What is expected >>
Look for the line containing "Bee Jewelry by A Nice World" in the records below. Then output it and all the lines that follow, exactly and without any others.

--- Data ---

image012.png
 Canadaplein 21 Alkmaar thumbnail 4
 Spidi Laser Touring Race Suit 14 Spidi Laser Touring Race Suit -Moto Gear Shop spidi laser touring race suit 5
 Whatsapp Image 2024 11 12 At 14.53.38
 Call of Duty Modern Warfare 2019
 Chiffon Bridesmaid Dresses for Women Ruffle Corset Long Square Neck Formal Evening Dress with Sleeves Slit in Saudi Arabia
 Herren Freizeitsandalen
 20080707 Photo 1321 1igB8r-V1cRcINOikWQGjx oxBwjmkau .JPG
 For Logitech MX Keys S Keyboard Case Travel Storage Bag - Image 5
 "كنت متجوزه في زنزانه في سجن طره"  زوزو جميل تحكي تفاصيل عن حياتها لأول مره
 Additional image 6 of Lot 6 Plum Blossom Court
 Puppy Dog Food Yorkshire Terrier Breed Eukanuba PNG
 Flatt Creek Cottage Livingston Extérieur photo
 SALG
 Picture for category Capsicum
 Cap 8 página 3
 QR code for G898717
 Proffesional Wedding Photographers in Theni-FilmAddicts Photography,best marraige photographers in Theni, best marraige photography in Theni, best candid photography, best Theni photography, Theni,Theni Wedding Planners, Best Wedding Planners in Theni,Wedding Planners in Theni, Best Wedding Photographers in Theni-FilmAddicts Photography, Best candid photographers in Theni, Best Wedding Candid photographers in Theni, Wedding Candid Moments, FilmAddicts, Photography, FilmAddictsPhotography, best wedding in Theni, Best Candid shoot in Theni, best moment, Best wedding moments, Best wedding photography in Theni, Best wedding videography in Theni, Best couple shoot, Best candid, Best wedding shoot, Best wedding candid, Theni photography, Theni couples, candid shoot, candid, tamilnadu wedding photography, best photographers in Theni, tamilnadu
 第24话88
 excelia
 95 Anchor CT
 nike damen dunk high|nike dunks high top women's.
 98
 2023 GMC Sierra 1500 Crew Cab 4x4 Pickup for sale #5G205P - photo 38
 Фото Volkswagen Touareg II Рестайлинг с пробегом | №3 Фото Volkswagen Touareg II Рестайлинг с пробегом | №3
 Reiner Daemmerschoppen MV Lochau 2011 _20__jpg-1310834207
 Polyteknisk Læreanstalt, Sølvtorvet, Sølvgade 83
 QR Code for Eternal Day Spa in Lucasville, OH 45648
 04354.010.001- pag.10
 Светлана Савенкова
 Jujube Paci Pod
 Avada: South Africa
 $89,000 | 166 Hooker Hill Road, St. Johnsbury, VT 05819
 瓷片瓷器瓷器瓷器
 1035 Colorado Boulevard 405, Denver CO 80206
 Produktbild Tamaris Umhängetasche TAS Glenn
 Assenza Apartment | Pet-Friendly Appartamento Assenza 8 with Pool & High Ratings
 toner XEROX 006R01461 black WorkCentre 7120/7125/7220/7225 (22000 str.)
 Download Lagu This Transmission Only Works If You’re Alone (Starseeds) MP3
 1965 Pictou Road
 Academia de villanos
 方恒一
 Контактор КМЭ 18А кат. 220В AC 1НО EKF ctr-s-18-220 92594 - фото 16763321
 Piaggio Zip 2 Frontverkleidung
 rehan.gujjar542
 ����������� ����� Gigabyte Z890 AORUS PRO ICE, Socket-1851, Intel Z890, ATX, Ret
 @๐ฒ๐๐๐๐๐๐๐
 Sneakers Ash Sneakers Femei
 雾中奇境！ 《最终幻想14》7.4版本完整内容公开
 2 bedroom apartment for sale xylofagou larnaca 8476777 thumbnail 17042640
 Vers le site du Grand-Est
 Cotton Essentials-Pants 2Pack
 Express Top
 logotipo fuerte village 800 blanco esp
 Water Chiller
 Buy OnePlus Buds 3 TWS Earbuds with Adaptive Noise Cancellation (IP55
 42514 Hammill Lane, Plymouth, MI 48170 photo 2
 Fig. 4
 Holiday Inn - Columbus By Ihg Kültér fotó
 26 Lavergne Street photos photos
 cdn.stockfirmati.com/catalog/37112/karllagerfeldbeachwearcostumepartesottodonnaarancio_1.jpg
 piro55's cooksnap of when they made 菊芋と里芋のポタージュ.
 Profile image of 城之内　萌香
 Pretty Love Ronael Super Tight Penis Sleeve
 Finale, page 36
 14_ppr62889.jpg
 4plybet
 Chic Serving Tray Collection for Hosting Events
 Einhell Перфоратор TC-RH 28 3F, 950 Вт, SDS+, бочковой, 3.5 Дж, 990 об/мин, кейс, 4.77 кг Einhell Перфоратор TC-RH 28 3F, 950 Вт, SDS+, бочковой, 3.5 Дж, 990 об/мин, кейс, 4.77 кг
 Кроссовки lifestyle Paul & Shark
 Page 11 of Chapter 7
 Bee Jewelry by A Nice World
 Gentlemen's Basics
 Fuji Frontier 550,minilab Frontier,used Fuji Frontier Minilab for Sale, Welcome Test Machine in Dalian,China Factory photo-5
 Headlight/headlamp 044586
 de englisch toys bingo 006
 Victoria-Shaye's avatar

---

Task response >>
 Bee Jewelry by A Nice World
 Gentlemen's Basics
 Fuji Frontier 550,minilab Frontier,used Fuji Frontier Minilab for Sale, Welcome Test Machine in Dalian,China Factory photo-5
 Headlight/headlamp 044586
 de englisch toys bingo 006
 Victoria-Shaye's avatar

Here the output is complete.